Ecuador removes, investigates security officials after killings of suspects in candidate assassination
Ecuadorean presidential candidate Fernando Villavicencio speaks during a campaign rally in Quito, Ecuador, on Aug 9, 2023.
PHOTO: Reuters

Ecuadorean President Guillermo Lasso announced on Saturday (Oct 7) a shake up of the high ranks of the security forces following the killing of seven inmates accused in the murder of presidential candidate Fernando Villavicencio.

He removed two officials, the prisons director and the head of the police investigations unit, and replaced the head of the national police with Cesar Augusto Zapata Correa, a long-time member of the force with nearly 35 years of experience.

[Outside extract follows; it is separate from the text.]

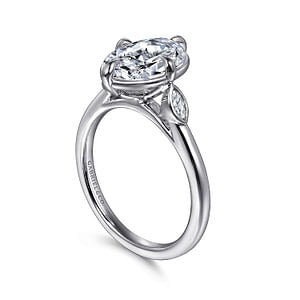 Gabriel - Contemporary Collection 14K White Gold 0.10ctw 4 Prong Style Diamond Semi-Mount Engagement Ring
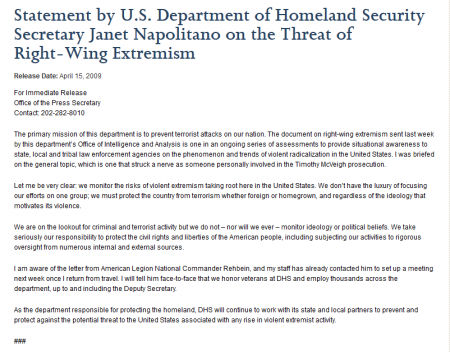 DHS domestic terrorist statement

The announcement came after six inmates were killed at the Litoral Penitentiary on Friday and another was killed in a Quito prison Saturday.

Another prisons official in charge of the prison where the six were killed was taken into custody for questioning, according to the president's announcement. Lasso also ordered the transfer of six inmates implicated in Villavicencio's murder for their security.

Violence, blamed by the government on drug gangs, has sharply increased in Ecuador in recent years and the latest killings seemed to underline rising lawlessness.

Ecuador's attorney general's office also launched an investigation into the country's prisons agency, the office said earlier on Saturday.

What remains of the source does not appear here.